Physical and Mental Performance (Part 2)

We were talking about the connection between one’s physical and mental performance and found that exercise and fitness definitely affects mental performance.  With regards to duration, however, it appears that improved mental performance is apparent after a “warm-up” period, leading up to a moderately intense level of exercise (about 75% of your max heart rate), and lasts until physical fatigue.  Fatigue, of course, is based on an individual’s fitness level.  Once fatigued, mental performance could actually decline to a level lower than when you started!  Worry not, it’s only temporary!  The reason for this improvement lies in the increased flow of blood and stimulation of neurotransmissions.  Note that the ability of your blood to carry oxygen, nutrients, and fuel to the brain, thus improving brain function, may be improved through cellular cleansing, but that is a topic for another time.  For this discussion and in general, the more blood, the better.
Though physically fit people tend to have greater motivation, eat healthier, and are generally more alert and engaged, there is no evidence that fit people operate at a higher level of mental performance in between exercise sessions.  Dehydration, on the other hand, in alignment with the point made in my previous post, is directly connected to a notable reduction in mental performance, whether it is exercise-induced or caused by other factors.  Luckily, rehydration will return cognitive function quickly, especially if sugar-containing fluids are consumed rather than no-calorie fluids.

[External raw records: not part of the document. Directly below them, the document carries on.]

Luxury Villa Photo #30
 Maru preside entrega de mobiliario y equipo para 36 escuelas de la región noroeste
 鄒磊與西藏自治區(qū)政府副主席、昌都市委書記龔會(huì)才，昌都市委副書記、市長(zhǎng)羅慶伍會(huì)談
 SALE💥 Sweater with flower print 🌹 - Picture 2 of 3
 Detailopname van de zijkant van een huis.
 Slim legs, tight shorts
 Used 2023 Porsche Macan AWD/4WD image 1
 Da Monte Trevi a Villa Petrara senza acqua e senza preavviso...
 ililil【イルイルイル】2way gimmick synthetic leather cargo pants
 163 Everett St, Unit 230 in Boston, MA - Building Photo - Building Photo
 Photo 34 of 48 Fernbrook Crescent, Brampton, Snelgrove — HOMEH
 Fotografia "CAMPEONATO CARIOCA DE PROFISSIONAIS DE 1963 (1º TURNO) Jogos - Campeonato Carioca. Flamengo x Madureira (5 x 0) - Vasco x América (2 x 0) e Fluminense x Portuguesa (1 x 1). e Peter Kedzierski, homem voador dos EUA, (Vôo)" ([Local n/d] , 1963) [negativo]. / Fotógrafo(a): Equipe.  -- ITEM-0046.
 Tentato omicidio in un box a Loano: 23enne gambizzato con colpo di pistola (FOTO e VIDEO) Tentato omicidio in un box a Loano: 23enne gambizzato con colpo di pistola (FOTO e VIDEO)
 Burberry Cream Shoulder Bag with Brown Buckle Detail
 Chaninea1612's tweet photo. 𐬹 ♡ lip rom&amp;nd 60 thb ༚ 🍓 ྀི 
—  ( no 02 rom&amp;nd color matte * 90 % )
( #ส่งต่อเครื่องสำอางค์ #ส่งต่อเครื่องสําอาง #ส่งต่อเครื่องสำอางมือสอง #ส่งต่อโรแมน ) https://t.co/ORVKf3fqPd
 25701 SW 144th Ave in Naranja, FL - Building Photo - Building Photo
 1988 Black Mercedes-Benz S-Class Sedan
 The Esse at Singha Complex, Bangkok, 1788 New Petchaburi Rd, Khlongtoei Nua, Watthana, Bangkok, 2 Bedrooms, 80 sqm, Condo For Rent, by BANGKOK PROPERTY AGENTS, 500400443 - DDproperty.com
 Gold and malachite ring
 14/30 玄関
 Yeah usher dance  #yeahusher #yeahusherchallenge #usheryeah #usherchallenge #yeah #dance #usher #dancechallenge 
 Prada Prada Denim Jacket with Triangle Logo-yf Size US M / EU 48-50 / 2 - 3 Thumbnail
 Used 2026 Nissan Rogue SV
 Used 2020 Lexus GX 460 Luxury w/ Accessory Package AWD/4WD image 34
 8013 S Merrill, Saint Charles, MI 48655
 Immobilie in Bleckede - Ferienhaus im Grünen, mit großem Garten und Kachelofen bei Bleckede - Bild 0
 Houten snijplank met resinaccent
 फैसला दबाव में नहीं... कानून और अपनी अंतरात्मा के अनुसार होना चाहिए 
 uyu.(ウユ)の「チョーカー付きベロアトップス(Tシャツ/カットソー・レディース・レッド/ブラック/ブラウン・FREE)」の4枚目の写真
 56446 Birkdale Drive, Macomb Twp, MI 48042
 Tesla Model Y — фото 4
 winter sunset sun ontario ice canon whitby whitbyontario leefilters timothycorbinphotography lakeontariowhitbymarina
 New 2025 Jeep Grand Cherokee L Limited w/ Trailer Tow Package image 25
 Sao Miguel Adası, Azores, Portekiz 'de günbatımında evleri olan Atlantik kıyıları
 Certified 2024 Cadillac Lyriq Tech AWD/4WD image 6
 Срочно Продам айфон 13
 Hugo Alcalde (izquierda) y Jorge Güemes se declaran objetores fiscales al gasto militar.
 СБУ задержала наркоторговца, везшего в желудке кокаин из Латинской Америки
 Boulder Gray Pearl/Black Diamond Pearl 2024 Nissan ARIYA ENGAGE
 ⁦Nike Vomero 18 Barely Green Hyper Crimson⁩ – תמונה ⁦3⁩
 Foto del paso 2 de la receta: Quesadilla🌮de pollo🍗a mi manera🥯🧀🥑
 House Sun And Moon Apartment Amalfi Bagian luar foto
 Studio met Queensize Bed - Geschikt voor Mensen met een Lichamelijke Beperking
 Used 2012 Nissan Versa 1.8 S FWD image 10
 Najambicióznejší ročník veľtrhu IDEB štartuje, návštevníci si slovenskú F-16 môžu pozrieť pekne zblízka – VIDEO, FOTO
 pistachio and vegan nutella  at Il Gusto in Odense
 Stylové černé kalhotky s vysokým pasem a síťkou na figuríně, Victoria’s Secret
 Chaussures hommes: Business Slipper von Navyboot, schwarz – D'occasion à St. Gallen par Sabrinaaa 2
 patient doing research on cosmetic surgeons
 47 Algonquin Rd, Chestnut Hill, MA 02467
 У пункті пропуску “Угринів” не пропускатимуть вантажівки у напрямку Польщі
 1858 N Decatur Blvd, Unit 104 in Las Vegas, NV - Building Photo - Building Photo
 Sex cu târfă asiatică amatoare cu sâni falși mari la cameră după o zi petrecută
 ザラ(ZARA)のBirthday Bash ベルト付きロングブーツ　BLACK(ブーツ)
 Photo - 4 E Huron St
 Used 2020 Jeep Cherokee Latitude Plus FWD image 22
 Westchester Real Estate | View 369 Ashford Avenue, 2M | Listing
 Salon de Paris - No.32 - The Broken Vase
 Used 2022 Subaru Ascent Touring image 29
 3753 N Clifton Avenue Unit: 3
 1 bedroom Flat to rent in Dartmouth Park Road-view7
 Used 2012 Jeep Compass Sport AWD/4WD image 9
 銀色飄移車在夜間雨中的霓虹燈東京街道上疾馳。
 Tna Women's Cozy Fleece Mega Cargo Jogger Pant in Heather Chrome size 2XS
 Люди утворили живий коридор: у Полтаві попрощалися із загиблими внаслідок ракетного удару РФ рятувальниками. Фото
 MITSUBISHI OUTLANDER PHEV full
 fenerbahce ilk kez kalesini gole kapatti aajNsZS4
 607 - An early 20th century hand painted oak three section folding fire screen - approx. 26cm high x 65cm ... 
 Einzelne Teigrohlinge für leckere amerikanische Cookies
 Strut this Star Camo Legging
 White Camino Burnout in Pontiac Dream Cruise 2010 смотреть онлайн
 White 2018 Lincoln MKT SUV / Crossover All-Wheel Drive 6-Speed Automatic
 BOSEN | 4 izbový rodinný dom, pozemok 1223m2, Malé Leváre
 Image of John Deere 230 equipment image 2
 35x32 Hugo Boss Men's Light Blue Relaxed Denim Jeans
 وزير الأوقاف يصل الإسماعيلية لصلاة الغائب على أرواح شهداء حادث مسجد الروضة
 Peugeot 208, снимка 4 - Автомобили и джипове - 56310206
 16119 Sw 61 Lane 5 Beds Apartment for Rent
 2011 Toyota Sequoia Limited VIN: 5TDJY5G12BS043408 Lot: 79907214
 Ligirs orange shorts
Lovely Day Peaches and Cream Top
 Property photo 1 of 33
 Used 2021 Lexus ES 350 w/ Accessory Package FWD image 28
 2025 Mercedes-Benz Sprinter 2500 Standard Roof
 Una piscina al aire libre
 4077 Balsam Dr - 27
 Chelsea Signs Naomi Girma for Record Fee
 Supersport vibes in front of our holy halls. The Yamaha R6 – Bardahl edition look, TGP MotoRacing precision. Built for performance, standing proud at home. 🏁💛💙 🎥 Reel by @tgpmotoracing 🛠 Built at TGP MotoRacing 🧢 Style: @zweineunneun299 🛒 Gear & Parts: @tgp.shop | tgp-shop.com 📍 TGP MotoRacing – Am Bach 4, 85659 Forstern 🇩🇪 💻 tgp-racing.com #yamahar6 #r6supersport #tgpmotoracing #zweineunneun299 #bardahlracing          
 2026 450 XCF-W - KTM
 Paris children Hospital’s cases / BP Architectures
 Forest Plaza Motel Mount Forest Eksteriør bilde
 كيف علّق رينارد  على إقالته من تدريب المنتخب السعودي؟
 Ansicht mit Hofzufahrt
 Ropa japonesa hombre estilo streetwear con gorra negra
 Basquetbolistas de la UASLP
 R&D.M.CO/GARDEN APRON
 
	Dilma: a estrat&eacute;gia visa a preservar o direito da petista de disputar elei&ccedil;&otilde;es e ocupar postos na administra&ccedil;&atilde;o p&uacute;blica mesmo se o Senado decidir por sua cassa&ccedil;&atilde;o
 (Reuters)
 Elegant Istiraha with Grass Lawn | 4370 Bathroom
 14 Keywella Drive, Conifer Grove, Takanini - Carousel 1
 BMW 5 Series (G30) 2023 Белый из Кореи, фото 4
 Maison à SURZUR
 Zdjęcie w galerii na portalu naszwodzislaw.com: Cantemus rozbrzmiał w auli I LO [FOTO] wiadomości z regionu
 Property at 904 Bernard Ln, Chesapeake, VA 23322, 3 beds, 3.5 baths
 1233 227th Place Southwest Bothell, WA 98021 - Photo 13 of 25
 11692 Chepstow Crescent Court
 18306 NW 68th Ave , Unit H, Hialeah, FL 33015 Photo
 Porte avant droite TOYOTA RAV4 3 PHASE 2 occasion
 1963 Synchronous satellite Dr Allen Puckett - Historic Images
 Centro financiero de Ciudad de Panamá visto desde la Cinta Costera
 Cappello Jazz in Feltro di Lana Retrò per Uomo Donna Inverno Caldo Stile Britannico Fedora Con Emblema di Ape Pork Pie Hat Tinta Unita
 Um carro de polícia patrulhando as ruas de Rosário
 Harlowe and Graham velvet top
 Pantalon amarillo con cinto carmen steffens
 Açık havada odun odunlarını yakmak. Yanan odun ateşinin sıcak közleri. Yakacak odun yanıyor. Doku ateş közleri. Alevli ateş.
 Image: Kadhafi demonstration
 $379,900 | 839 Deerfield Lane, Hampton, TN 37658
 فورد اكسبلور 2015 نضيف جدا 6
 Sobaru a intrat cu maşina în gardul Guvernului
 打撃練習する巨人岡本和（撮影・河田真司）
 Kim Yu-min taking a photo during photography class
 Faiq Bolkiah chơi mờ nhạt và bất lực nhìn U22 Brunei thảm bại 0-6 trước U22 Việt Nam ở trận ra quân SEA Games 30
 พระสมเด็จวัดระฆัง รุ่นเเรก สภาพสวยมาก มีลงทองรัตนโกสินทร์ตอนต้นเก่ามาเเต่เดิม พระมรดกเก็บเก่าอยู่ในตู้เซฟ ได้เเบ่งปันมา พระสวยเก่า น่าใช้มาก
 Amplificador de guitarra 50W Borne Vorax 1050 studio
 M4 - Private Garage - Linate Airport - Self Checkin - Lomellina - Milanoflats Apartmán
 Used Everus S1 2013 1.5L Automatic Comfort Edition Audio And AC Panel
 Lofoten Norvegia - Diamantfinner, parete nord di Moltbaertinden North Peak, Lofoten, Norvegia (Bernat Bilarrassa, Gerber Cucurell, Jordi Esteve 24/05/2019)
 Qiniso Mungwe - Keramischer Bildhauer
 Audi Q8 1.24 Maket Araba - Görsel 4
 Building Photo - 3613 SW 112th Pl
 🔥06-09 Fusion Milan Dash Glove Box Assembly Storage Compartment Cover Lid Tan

In the short run, each session of aerobic exercise has the potential to give you a double benefit for your time spent. Not only will you be improving your fitness, your ability to concentrate on and perform mental tasks also will likely be enhanced.  In the long run, physical activity appears to be at least as important in staying mentally sharp as keeping your mind active and maintaining strong social connections. Multiple studies have shown that people who exercise regularly will have less age-related mental performance degradation and lose less brain tissue seen on MRI and PET scans.